Doctor fees - where is the innovation?

Today the MSM had a good article from one of the premier journalists covering health, Milt Freudenheim about a CMS pilot project around the "medical home" -- which is simply a vehicle to motivate primary care doctors to provide 'better' care to patients with chronic or complex diseases.    The basic premise is that physicians can provide care that is both more effective (better outcomes) and costs less over the long run (prevents unnecessary acute problems) by 'monitoring' consumers during their every day life and not just when they visit the doctor with a problem.    Microsoft has actually designed HealthVault to enable this kind of 'connected care' using the Internet to enable communications and by enabling personal health devices to make it brain dead easy to get objective information from consumers on a regular basis.

The real question in my mind -- is why there has been so little innovation around how doctors figure out how to 'package' a bundle of services for consumers and charge them for it?

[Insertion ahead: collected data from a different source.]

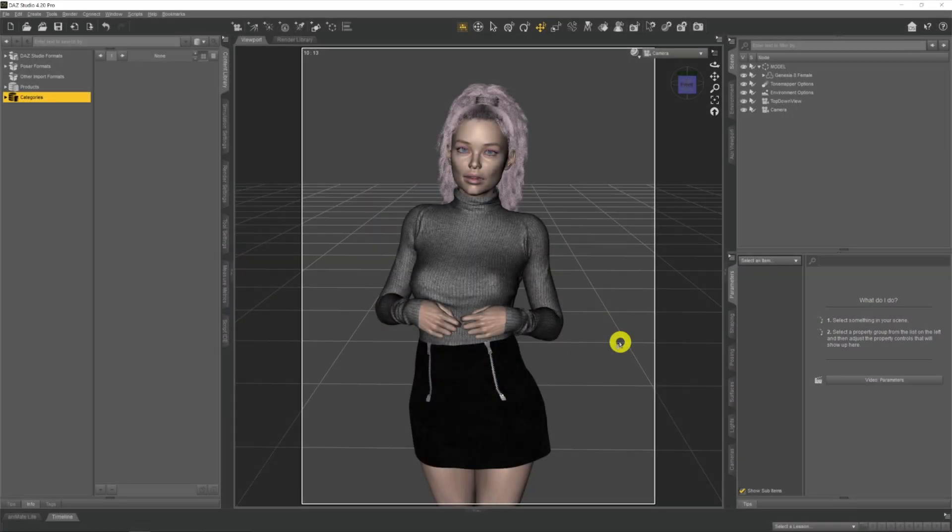Hi there and welcome to my channel. My name is Rocco and I do DAZ 3D videos to help you get the most out of your own renders. This video is going to be part of a series of little quick tips that we can use when we're using DAZ.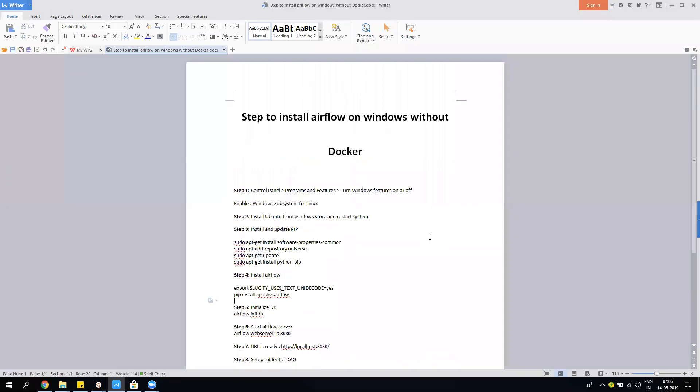Hello everyone, my name is Yogesh. In today's video, we'll learn about how to install Airflow on Windows 10 without Docker. It's very simple, like a 10-minute process, so you can easily do it on your system.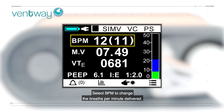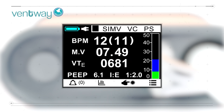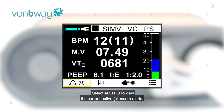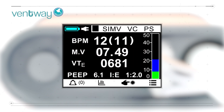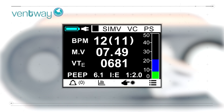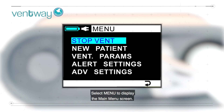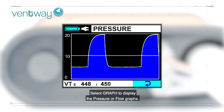Select BPM to change the breaths per minute delivered. Select VTE to change the desired VTE. Select alerts to view the current active and silenced alerts. Select manual breath to give one breath to the patient using the current parameters. Select menu to display the main menu screen. Select graph to display the pressure or flow graphs.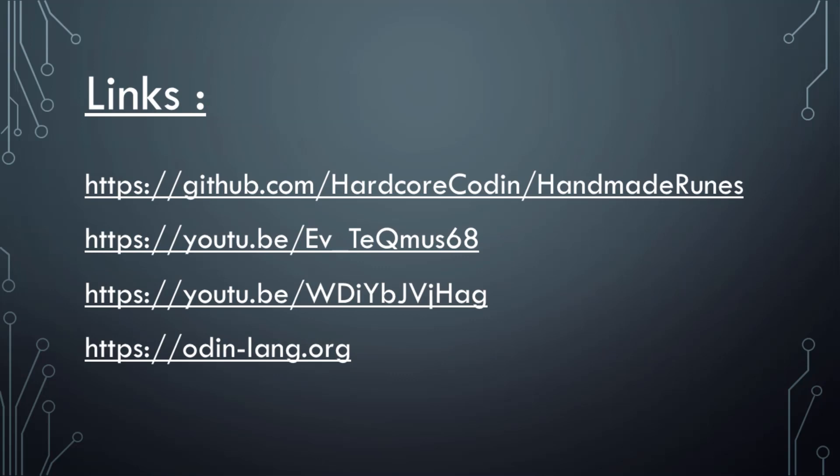Some useful links: There's a GitHub repo for the series, which will have all the code, the two YouTube videos that I've made, and the Odin website itself. That's it. I hope to see you in the first session. Bye.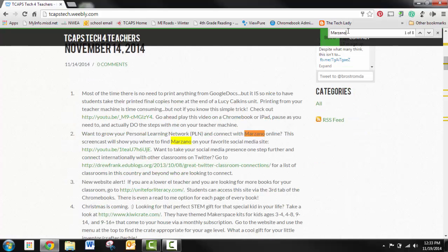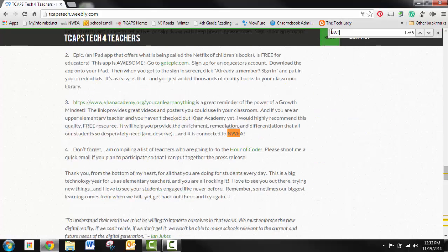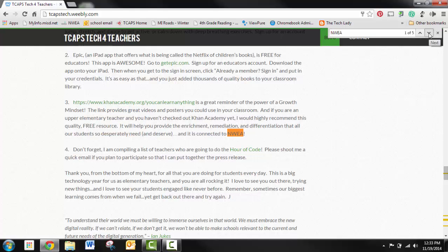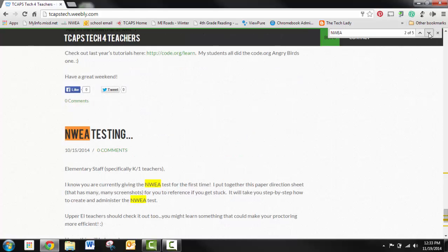This will work searching for anything. I can search for NWEA, and it will tell me that NWEA was mentioned on this webpage 5 times.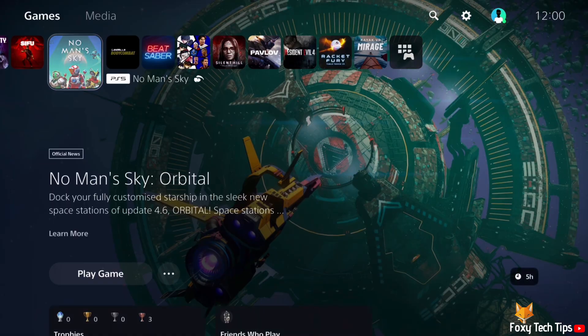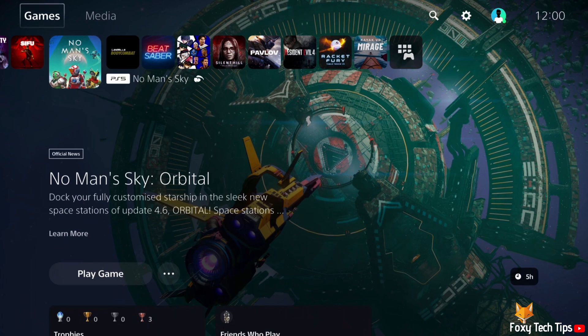From the dashboard of PS5, move to the top and then go to the right until you get to settings and open them.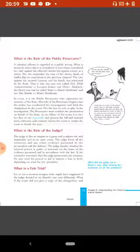What is the role of the public prosecutor? A criminal offense is regarded as a public wrong. What is meant by this is that it is considered to have been committed not only against the affected victim but against society as a whole. Do you remember the case of the dowry death of Sudha that we read about in the previous chapter?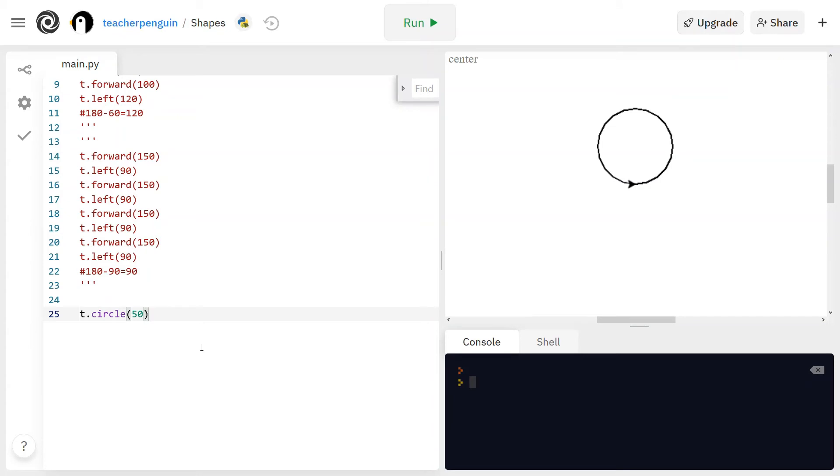And that is all I have for shapes today. I hope you try out some of these shapes or maybe try to make another shape that I didn't show you. And thank you for watching. Bye!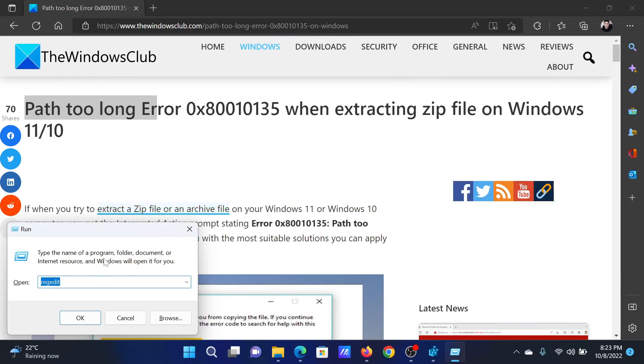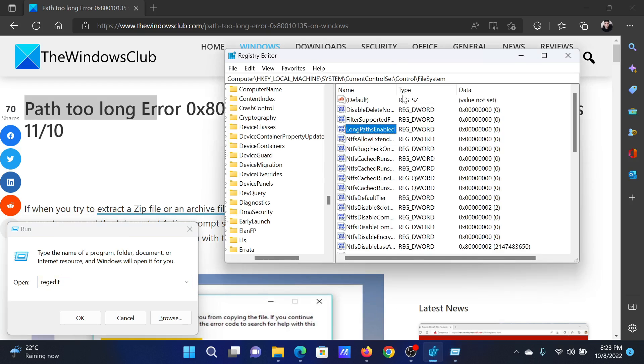In the Run window, type the command R-E-G-E-D-I-T and hit Enter to open the Registry Editor window. In the Registry Editor window, go to the path HKEY_LOCAL_MACHINE\SYSTEM\CurrentControlSet\Control\FileSystem.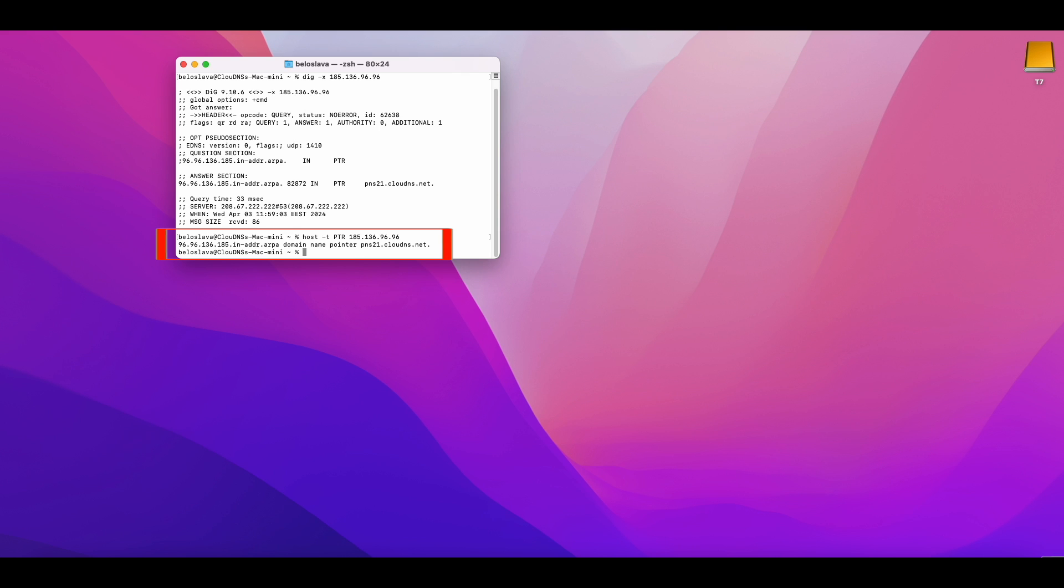Note that you can perform all these commands not only with IPv4 address but also with IPv6.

My wife likes to remind me of lots of examples where 'bundles of services' are both performed better than in traditional health delivery and consumers willingly pay for them.   The most obvious example is with veterinarians.   We have three dogs (just exiting the puppy stage -- all at 2 years old -- it is a long story).   We have a vet that makes house calls, has an electronic medical record for each of them, calls to make sure the Bella is taking her pills and that Mac's ear infection is clearing up -- makes sure that the routine vaccinations are done on time and so on.   She always calls to follow up on any given problem.    It is easy to connect with her by email or phone - -very unlike most folks experience with primary care.   Why is that?    It is not that we value pet health more than human health?    My hypothesis is that the vet business is largely a cash business -- and as a result it invests in technology and services (bundles) to attract customers in ways that a fixed price, reimbursement driven business does not.

John Goodman at NCPA has written extensively on this topic, you can learn more here.   The main point is there is not enough innovation on the supply side -- and one sees a lot more innovation (better outcomes at declining vs. rising prices in health) in the cash based businesses like cosmetic surgery and LASIK.   In general I think he is right -- and it has deep implications for future policy.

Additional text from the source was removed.